Search code examples
pythonstringbeautifulsoupbitcoin

Parsing bitcoin address in html


I'm trying to use the beautiful soup lib to parse a webpage and find bitcoin addresses.

I've managed to pull the class containing a generated address out of the whole html document:

<div class="roundpic qrcode" data-height="80" data-text="bitcoin:1JL7kugm1vDLqyzrVPAPdcbjH3PTxcPcud?amount=0.0573" data-width="80" style="margin: auto"></div>, <div class="roundpic qrcode" data-height="160" data-text="bitcoin:1JL7kugm1vDLqyzrVPAPdcbjH3PTxcPcud?amount=0.0573" data-width="160" style="padding: 10px"></div>

What would be the best way to isolate the address? I know the length can be between 27-34 characters but it will always appear in between 'bitcoin:' and '?'. Is there a regex I could use?

Thanks


Solution

  • You don't really need a regex.
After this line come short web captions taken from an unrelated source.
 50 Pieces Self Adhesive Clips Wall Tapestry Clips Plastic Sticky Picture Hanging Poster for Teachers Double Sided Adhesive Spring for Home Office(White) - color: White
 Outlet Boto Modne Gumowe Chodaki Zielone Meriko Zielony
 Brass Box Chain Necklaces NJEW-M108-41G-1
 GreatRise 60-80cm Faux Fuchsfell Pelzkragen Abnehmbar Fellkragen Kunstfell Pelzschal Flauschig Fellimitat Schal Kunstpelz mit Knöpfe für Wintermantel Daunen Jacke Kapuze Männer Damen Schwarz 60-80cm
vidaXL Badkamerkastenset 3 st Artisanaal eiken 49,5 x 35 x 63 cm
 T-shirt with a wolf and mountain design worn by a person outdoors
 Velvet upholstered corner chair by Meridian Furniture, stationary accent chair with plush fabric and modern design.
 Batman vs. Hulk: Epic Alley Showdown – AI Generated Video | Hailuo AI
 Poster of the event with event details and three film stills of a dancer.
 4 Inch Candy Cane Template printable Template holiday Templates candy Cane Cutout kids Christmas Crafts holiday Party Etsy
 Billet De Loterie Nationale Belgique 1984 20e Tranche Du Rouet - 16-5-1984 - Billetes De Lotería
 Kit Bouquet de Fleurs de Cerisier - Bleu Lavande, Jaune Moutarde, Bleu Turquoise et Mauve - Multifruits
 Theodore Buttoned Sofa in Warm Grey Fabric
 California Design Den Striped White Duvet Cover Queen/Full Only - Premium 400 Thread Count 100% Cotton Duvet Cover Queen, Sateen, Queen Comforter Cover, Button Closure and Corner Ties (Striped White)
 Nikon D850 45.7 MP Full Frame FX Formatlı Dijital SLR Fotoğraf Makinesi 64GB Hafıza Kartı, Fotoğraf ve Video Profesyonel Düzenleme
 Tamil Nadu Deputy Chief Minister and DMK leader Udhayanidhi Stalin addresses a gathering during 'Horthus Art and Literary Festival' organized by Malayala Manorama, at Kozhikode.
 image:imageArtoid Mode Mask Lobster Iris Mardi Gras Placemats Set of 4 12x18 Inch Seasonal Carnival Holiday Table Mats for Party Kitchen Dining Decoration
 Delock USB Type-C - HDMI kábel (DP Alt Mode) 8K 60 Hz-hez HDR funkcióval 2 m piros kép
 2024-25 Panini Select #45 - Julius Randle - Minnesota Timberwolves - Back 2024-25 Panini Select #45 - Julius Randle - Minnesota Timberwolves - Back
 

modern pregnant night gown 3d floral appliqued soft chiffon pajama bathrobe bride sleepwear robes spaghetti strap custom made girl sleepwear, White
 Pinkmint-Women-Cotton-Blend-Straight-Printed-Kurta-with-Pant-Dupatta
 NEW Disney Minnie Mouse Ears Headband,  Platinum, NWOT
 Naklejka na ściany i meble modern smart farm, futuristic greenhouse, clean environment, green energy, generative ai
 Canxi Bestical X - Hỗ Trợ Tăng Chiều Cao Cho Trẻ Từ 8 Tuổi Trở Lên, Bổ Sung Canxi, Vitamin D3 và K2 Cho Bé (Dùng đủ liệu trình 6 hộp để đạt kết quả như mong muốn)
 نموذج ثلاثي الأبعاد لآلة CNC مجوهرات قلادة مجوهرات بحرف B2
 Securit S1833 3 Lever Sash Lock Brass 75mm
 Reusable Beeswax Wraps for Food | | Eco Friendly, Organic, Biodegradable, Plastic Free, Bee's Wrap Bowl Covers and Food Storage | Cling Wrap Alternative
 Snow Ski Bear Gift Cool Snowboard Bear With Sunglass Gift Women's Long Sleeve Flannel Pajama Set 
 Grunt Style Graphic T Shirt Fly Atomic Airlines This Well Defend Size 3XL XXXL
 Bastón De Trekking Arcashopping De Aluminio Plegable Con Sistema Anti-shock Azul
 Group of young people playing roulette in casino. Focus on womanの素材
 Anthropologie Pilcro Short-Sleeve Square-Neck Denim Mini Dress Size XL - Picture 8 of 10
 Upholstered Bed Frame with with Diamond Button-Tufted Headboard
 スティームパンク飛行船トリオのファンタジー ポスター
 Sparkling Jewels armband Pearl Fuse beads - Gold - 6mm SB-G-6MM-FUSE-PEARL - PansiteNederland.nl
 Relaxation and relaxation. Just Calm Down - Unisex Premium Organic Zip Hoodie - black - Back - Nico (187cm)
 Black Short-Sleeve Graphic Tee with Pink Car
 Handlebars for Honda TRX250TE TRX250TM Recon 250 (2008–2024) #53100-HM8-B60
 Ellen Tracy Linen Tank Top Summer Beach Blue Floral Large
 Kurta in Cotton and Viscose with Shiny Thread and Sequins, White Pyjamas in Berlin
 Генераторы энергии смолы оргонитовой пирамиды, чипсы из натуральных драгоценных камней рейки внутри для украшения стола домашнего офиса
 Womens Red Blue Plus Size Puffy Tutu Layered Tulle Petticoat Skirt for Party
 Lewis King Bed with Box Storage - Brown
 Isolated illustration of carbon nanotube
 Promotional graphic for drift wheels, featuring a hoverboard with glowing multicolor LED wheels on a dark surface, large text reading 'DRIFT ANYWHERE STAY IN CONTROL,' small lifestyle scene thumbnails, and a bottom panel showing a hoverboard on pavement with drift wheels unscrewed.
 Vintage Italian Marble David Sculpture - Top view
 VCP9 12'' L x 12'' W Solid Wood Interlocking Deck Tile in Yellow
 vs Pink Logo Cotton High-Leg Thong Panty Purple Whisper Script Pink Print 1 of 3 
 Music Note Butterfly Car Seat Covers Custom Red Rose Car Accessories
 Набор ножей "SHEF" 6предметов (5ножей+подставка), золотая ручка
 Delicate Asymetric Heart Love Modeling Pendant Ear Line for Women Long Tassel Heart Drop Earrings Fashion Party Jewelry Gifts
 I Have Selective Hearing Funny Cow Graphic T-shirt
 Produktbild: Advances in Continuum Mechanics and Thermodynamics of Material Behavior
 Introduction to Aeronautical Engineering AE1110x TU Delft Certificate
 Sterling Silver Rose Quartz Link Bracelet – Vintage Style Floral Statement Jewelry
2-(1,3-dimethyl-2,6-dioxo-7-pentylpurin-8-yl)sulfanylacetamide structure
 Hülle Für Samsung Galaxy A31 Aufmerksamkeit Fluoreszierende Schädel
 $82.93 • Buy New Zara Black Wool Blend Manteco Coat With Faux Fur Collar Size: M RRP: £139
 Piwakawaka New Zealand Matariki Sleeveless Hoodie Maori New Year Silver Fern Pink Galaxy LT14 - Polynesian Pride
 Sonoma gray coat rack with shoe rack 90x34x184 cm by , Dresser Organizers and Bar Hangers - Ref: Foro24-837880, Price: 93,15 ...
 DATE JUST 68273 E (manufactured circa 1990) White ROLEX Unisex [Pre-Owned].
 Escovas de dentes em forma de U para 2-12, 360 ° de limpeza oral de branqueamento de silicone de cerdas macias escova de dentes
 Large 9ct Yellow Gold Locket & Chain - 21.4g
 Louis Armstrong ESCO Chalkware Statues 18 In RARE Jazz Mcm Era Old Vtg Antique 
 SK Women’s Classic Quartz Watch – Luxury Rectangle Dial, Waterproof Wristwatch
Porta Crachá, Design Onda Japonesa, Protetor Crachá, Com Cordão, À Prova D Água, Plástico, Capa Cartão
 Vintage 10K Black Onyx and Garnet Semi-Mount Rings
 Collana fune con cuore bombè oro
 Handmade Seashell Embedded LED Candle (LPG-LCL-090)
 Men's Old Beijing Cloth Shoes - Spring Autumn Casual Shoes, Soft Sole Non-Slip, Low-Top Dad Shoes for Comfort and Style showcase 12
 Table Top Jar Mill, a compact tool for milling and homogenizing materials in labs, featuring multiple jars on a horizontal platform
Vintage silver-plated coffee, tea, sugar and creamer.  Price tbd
Basic string operations work just fine:

    import re
    from bs4 import BeautifulSoup
    
    html = '''
    <div class="roundpic qrcode" data-height="80" data-text="bitcoin:1JL7kugm1vDLqyzrVPAPdcbjH3PTxcPcud?amount=0.0573" data-width="80" style="margin: auto"></div>
    <div class="roundpic qrcode" data-height="160" data-text="bitcoin:1JL7kugm1vDLqyzrVPAPdcbjH3PTxcPcud?amount=0.0573" data-width="160" style="padding: 10px"></div>
    '''
    
    soup = BeautifulSoup(html)
    
    for div in soup.find_all('div', {'data-text': re.compile(r'^bitcoin:')}):
        address, amount = div.get('data-text').replace('bitcoin:', '').split('?amount=')
    

    soup.find_all('div', {'data-text': re.compile(r'^bitcoin:')}) finds all <div> elements where the data-text attribute's value starts with bitcoin:. You could have also used:

    soup.find_all('div', {'data-text': lambda value: value.startswith('bitcoin:')})